Study Tests Tires for Architectural Use
Researchers from the University of South Australia have recently conducted a series of tests to observe how end-of-life tires might be utilized in widespread architecture.
According to the university, the tires were verified for structural integrity and were used to construct walls. As a result, the researchers found that the tires, which were packed with earth to create the walls, could potentially provide new opportunities for the reuse of end-of-life tires in the construction industry.
In a news release, the University of South Australia reports that tire waste represents a sustainability challenge globally, with Australia generating an average of 55 million (450,000 tons) of end-of-life tires each year by itself.
The country has reportedly been using earth-packed tire walls in niche construction for decades, however, there has never been any empirical research conducted on the practice. Due to the lack of supporting data, not many engineers or architects have adopted the material on a wide range of projects.
Recently, a UniSA team consisting of Yachong Xu, Martin Freney, Reza Hassanli, Yan Zhuge, Mizanur Rahman and Rajibul Karim joined forces to rigorously assess the structural integrity of a test tire wall to examine how the structure performed under various stressors.
“The wall we tested was the first of its kind to be scientifically tested in this fashion, and all the data indicates tire walls can be extremely strong and safe structures,” said Freney. “While that structural integrity has been observed for many years in applications such as the retaining walls in earth-sheltered, Earthship homes, the lack of supporting data has prevented wider uptake of tire walls by engineers and architects, and we’re hoping this study will change that and expand the range of projects in which these walls are used.”
While the study only tested one real-world wall as part of the project, Xu was reported to have developed the software models which allowed the data obtained to be extrapolated to other designs, making the results applicable to a wide range of scenarios and stakeholders.
In considering other uses for the material, Freney suggested several unique structural characteristics where the use of tire and earth walls could be more beneficial over traditional building approaches, particularly for retaining walls.

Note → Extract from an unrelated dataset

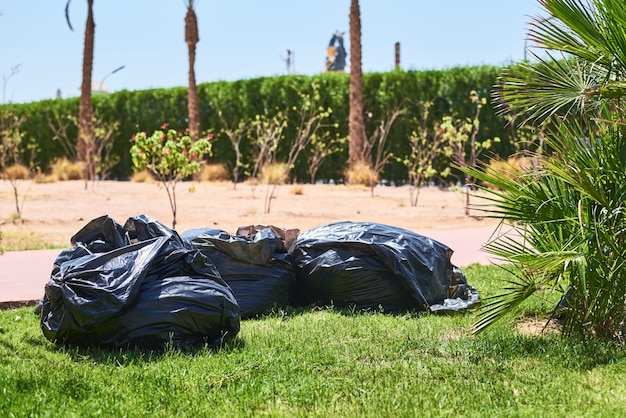 Bolsas de plástico negro con basura en la hierba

“Not only are the tire walls as structurally sound as concrete or wood sleeper retaining walls, they are also extremely resilient,” Freney continued. “Unlike a concrete wall, we found these walls have the ability to ‘bounce back into shape’ following impact, such as from an earthquake.”
“And if a drainage material such as recycled concrete rubble or crushed bricks is used to fill the tires, they also offer excellent drainage, which can be a major consideration in many retaining wall scenarios. Furthermore, the use of recycled fill materials reduces the environmental impact of the wall.”
In closing, Freney said that he and his team really believe the research provides strong evidence for the expanded use of tire-based walls in housing and other applications. In the next steps, the research team is planning to engage with industry partners to develop a range of real-world applications for tire walls.
This research study was supported by Tire Stewardship Australia.
Other Recent Tire Research
A team from the Royal Melbourne Institute of Technology (RMIT) University reported they have replaced 100% of conventional aggregates in concrete with rubber from discarded tires to promote a circular economy.
According to the study that was recently published in the journal Resources, Conservation & Recycling, the engineers say the new greener, lighter concrete also can reduce manufacturing and transportation costs significantly.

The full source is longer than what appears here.